Their camp was rough and their comfort rudimentary. After a night under the storm, sleeping in these conditions was lived as a luxury. Nobody was complaining. And since they were safe and they had enough to “swell the belly”, as Roland said by imitating the gargantuan voice of one of his former teachers, so they might as well take this opportunity to get back on their feet.
The fugitives stayed one more night in Basingstoke, away from the town. A small road rippled west towards the village of Worting. They followed it and found a space between two rocks, surrounded by tall beeches. Nearby was the Loddon River. Once their bivouac was completed—it consisted only of a pile of rocks to circle the hearth and half a dozen large branches quickly extended above their blankets—they sat down on the bank.
It was Roland who first ventured to raise the question that everyone was asking.
“What are we waiting for?”
Erma looked at Adam. Even if they did bicker, the brother and sister knew each other inside and out.
“It’s just... we don’t have bathing suits...” Erma said in a low voice.
“So what? We are Crusoes, right?
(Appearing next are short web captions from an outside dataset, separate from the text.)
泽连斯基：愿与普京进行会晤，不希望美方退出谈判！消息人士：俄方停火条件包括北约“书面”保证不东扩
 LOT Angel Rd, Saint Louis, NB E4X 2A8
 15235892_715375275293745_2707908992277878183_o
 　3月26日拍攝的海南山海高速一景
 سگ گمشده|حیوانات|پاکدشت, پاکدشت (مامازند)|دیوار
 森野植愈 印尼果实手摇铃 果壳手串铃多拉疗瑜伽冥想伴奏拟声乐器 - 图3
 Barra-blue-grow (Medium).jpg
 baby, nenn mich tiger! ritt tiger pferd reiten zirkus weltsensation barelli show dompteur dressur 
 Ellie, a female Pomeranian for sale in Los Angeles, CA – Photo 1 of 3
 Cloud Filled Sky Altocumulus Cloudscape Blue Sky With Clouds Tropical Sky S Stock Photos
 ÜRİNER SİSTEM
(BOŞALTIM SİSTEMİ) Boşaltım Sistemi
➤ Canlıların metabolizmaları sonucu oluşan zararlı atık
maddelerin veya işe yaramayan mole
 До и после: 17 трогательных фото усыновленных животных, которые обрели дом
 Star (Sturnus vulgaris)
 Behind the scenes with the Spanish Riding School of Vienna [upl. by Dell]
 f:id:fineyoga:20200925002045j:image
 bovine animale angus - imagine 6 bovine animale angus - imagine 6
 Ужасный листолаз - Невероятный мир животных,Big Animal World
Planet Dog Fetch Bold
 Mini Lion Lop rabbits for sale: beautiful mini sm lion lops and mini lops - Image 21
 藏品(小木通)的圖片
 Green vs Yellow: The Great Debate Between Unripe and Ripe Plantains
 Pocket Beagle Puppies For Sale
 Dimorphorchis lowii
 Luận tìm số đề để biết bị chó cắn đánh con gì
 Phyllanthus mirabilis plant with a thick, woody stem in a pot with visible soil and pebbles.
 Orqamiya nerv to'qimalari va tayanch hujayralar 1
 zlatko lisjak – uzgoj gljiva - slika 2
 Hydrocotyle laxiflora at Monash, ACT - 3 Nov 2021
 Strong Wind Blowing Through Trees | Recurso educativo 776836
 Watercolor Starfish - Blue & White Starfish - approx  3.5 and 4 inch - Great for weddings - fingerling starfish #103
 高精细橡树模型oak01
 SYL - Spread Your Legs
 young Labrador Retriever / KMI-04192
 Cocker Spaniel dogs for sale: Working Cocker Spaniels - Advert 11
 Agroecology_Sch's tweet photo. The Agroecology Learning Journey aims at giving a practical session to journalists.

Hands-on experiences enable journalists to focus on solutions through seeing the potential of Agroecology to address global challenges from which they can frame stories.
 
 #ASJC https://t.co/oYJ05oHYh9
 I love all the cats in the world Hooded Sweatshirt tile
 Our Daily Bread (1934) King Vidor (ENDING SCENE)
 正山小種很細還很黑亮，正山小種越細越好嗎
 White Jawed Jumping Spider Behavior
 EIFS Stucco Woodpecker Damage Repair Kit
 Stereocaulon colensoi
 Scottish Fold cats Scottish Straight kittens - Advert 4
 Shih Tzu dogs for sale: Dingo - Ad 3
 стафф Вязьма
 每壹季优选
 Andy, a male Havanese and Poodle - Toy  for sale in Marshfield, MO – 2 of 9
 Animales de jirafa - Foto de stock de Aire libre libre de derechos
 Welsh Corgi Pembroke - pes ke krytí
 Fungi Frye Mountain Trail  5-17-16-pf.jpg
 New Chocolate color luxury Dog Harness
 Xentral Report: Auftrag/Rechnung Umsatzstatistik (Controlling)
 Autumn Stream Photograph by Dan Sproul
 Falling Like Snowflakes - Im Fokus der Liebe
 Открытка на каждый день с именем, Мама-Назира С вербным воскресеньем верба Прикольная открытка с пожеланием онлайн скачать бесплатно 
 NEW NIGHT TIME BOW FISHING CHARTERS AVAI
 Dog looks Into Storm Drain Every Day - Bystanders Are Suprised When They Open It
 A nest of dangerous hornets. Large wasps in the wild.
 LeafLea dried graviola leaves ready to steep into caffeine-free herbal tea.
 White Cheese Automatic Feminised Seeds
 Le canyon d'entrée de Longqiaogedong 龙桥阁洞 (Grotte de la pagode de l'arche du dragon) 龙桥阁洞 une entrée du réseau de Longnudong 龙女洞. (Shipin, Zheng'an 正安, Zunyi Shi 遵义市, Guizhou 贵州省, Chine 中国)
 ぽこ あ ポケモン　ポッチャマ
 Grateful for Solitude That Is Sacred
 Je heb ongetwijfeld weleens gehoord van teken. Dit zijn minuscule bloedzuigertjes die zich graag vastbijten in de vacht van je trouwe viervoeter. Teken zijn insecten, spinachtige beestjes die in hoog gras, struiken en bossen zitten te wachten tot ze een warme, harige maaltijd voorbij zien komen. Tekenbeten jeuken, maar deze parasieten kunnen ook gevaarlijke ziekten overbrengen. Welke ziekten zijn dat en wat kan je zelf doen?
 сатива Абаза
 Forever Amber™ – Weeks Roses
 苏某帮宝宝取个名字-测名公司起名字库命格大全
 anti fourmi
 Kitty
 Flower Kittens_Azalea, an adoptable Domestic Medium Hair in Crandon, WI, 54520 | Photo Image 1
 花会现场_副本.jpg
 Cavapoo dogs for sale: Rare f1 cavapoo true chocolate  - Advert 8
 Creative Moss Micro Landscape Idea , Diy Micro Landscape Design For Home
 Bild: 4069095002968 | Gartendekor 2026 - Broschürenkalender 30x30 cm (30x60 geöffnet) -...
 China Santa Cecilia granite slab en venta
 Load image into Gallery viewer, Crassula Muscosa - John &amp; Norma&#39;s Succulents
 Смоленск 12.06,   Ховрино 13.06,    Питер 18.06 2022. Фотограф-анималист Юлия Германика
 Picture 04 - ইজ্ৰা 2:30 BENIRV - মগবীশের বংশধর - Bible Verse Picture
Like in your book. Crusoes, real ones, living with nature.”
“Do you know who that is, Crusoe?”
“Of course! It’s Crusoe the Crusader, right? The man that did the Crusades with Arthur and Merlin. It’s in a movie, I think …”
He got up, took off his shirt and trousers without the slightest embarrassment, and stood on tiptoes with his toes balanced on a rock closest to the water.
“Close your eyes if you’re scared to see my noodle!” he shouted, diving forward.
The splashing reached the others. They hesitated as to what to do. Finally, won by the high spirits, the levity and openness of their friend, they got up and cast off their modesty by wiggling awkwardly on the bank.
“Come, Erma,” Roland laughed.
“Then, close your eyes as I enter the water, okay?”
“I promise.”
“I’m not kidding, Roland. If I see you’re looking at me, I’ll never talk to you again.”
“I promise, I told you. Here, look, I’ll turn around.”
“You too, Bambino,” she said, holding out a threatening index finger to her brother, who complied.
Erma went into the cold water and laughed.
“Your turn, Bambino. Go ahead, we won’t look.”
Then the three of them swam while regularly splashing each other. Never had they laughed so much.
The next day, after a night under the beautiful stars, they found sweet chestnuts and hazelnuts. They looked for mushrooms, convinced that with a little luck, they could cook a small pan of early button mushrooms, but this wasn’t the case. Their grazing was, however, embellished with berries picked from a bush which extended over an area of several yards, and which Roland had assured them were edible. They hadn’t yet started the second sausage.
The trio had visited the town taking care not to be noticed. There was no love for gipsies anywhere, and they would be forcibly removed if anyone learned that they were camping in the area.
Despite the modest comfort of their camp, Roland, Erma, and Adam accepted this without complaint, so happy not to have to submit to a father’s brutality and the hollow existence of an orphanage. If the gurgles of their hungry stomachs were too noisy, they covered them with bawdy tunes started by Roland. If they were cold at night, they thought of the coming storms that would overwhelm them and the feeling faded. If they were bored, they would throw themselves into the river or walk to the drinking fountain in the market, near the town hall, to fill their flasks.
“And if we settled down here indefinitely?” Erma asked, one evening after finishing the last page of School for Crusoes.
“Right here? Here, here?” asked Roland.
“Yes. We’re fine, right?”
Roland shook his head vigorously from left to right.
“In a little while, it’ll be the end of the summer, and then, my dear, we’ll freeze.”
“And if we made a real cabin?”
“The people of the city will see it and we’ll be finished.”
“And if we made it further in the forest?”
“We’ll be too far from the water.”
“And if we planted trees around so that no one could see it?”
“They’ll take years to grow.”
“And if…”
“Erma,” interrupted Roland gently. “We must get to the scrublands. We’re Crusoes, don’t forget, and we have to go west. There, we’ll be warm until the end of October and in the scrublands, nobody will chase us. The scrublands, Erma, the scrublands...”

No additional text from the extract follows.